Scan the material below for the string "Black", and copy every line where it shows up.

▸ DATASET EXTRACT
□ □ □

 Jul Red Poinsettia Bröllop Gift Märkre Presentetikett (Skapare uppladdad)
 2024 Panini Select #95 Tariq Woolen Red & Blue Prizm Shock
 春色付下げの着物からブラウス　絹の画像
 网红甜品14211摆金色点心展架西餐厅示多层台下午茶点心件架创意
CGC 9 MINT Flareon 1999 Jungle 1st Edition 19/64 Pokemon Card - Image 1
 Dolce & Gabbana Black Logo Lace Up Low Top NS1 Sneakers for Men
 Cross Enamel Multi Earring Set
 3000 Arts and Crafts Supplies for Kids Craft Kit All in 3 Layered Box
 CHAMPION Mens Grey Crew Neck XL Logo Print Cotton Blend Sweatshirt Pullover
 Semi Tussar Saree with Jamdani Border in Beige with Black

□ □ □

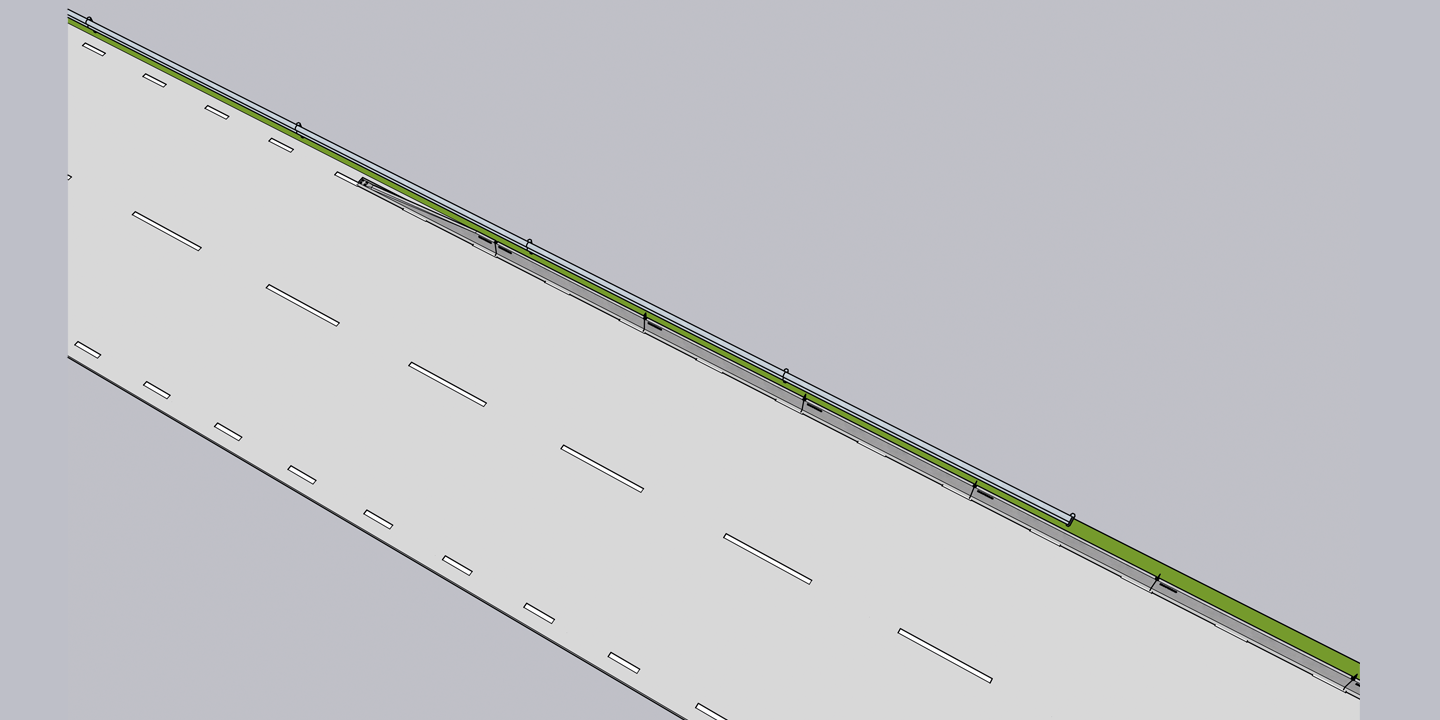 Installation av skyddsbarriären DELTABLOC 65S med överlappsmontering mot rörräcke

□ □ □

▸ WRITTEN RESPONSE
 Dolce & Gabbana Black Logo Lace Up Low Top NS1 Sneakers for Men
 Semi Tussar Saree with Jamdani Border in Beige with Black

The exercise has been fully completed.